▶ **Task instructions**
When copying the data below, keep only the lines from the one with "Wish Upon a Star - Ducha de patos - BabyTV" through the one with "House Garage Building", word for word, and skip the pictures.

▶ **Entries supplied**

◆ ◆ ◆ ◆

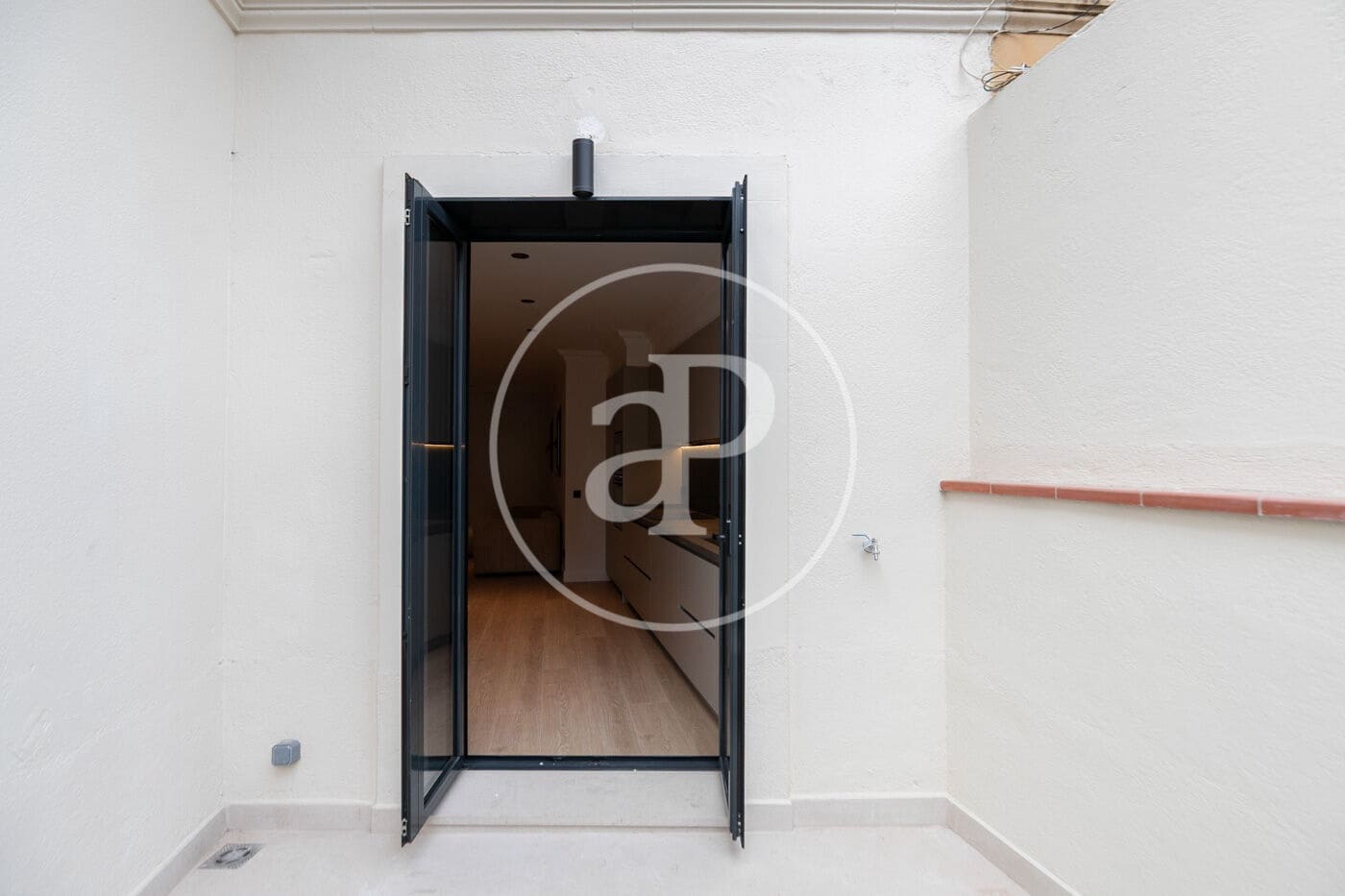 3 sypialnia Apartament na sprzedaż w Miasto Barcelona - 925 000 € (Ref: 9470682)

◆ ◆ ◆ ◆

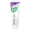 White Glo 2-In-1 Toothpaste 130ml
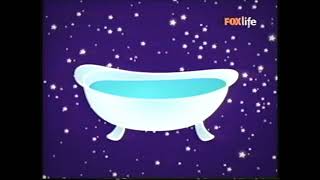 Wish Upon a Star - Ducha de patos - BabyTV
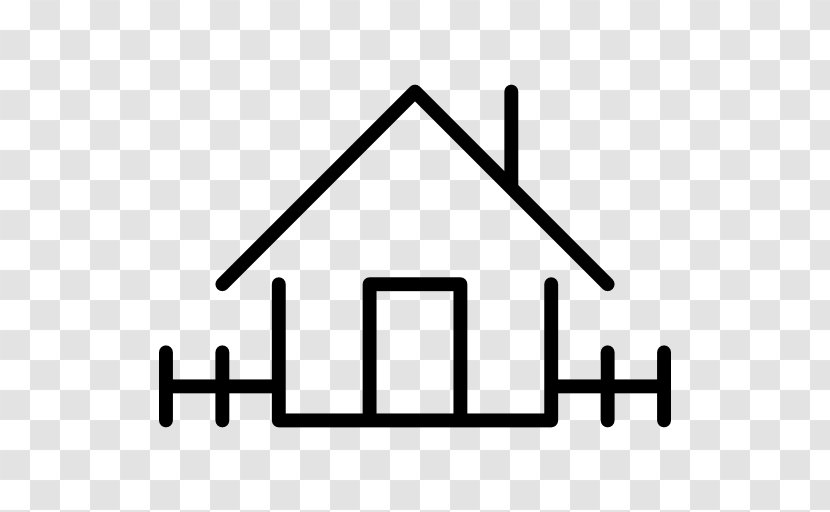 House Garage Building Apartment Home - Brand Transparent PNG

◆ ◆ ◆ ◆

▶ **Output of the task**
 Wish Upon a Star - Ducha de patos - BabyTV
 House Garage Building Apartment Home - Brand Transparent PNG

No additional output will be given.